Top of Records for processing
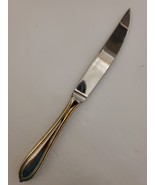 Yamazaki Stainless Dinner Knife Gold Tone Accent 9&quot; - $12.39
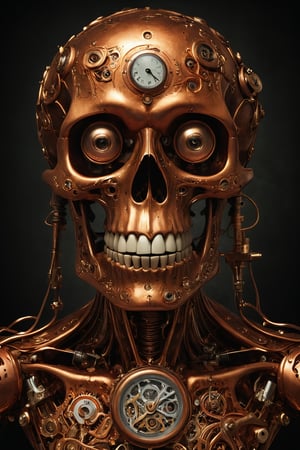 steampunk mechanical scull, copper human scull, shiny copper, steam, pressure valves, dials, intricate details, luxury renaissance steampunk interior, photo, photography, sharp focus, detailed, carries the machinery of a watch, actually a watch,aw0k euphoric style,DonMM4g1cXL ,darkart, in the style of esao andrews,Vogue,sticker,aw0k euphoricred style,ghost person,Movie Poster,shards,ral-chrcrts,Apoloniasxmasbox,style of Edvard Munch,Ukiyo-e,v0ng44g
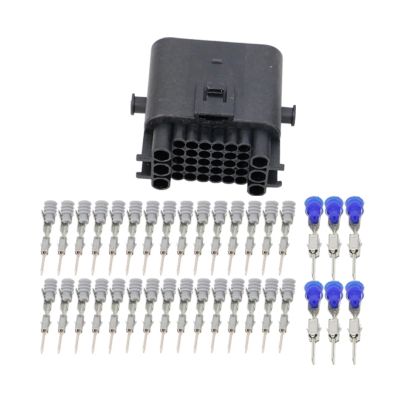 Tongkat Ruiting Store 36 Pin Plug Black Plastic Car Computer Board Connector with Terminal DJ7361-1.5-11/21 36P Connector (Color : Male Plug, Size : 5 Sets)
Bottom of Records for processing
Top of Records for processing
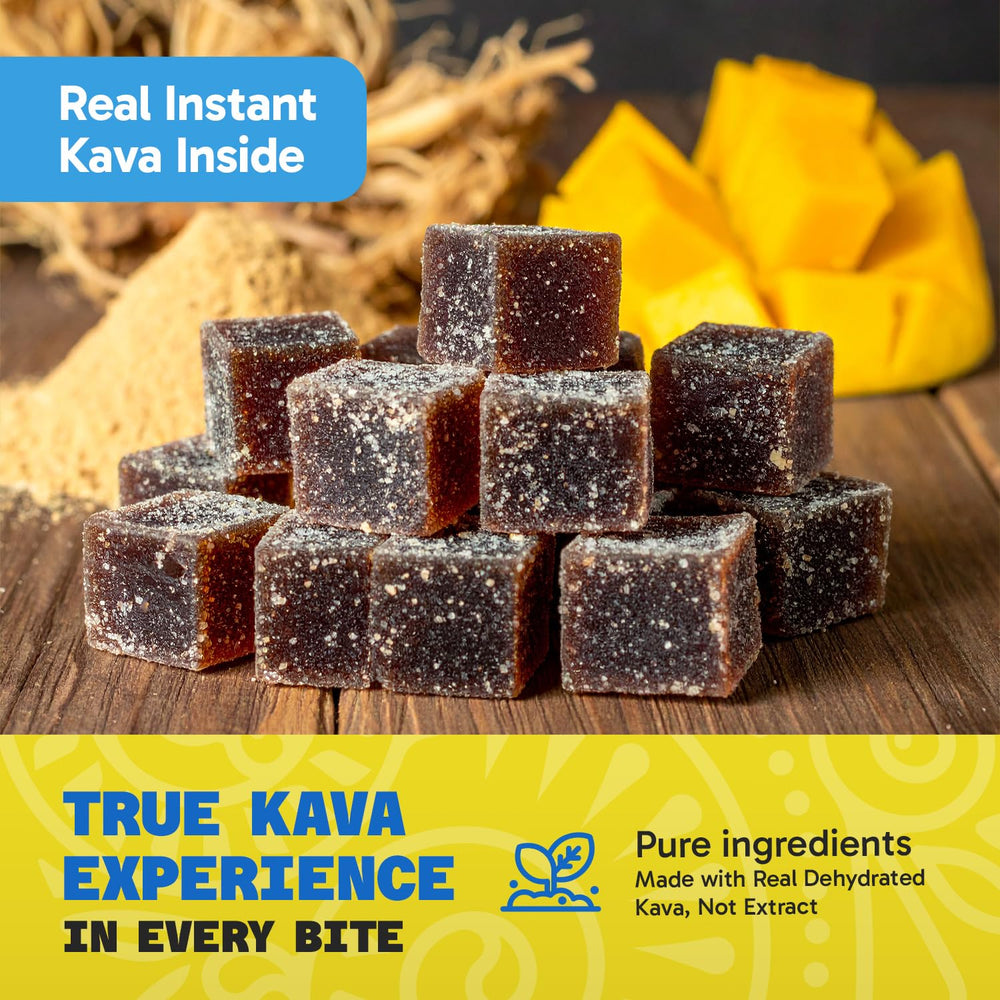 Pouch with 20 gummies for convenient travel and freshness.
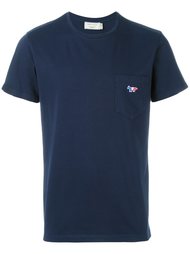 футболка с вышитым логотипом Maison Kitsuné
Bottom of Records for processing
Activity: Output exactly the lines of the listing above that start with the one holding "Pouch with 20" and go on through the one holding "футболка с вышитым логотипом Maison Kitsuné"; leave the pictures out.

Reply to the task:
 Pouch with 20 gummies for convenient travel and freshness.
 футболка с вышитым логотипом Maison Kitsuné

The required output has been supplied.